Nothing outside the lines below from the one containing "Bebe Nou-Nascut Recuzită" through the one containing "Image of ROLY" is to be printed; print those exactly, ends included, and drop the pictures.

Given entries:
▼▼▼

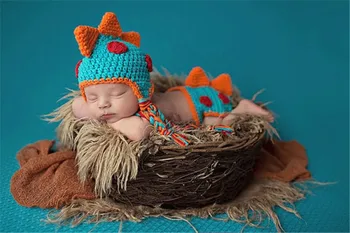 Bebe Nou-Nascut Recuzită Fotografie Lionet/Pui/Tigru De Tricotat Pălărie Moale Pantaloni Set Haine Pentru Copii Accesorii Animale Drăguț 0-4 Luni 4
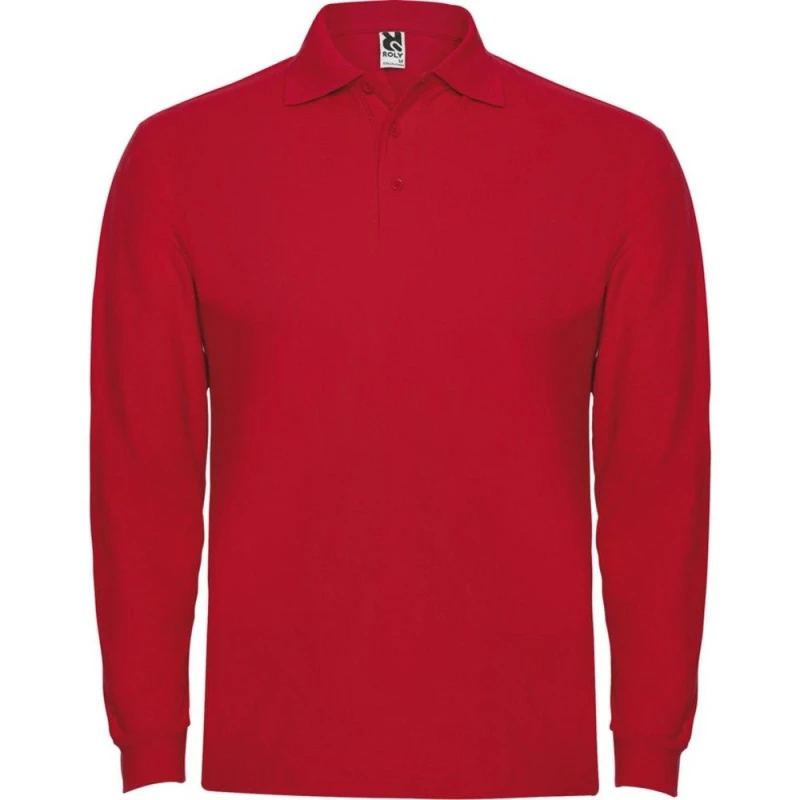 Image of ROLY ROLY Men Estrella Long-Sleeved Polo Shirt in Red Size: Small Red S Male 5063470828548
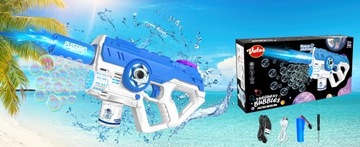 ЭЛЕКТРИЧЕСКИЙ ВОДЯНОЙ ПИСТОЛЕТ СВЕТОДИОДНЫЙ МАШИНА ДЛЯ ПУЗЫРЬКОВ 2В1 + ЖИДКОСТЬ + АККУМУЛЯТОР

▲▲▲
▼▼▼

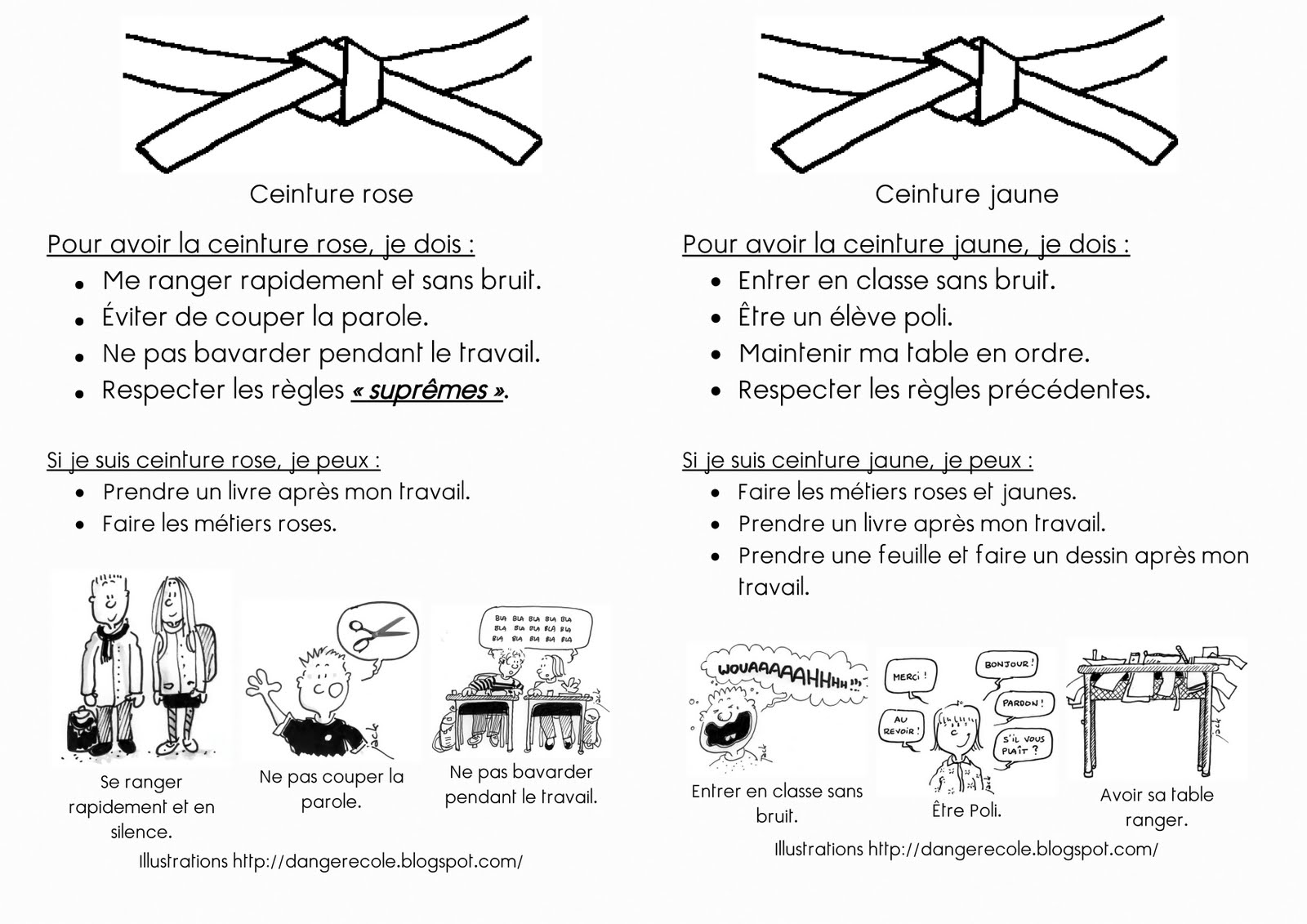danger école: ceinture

▲▲▲
▼▼▼

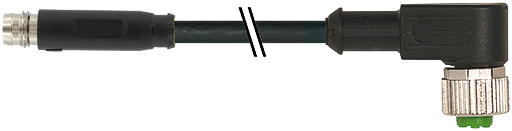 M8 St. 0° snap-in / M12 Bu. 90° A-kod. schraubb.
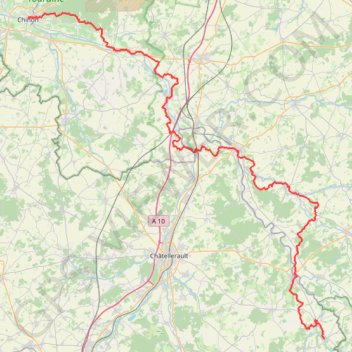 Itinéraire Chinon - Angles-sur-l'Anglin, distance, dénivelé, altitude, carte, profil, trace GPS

▲▲▲

Solution:
 Bebe Nou-Nascut Recuzită Fotografie Lionet/Pui/Tigru De Tricotat Pălărie Moale Pantaloni Set Haine Pentru Copii Accesorii Animale Drăguț 0-4 Luni 4
 Image of ROLY ROLY Men Estrella Long-Sleeved Polo Shirt in Red Size: Small Red S Male 5063470828548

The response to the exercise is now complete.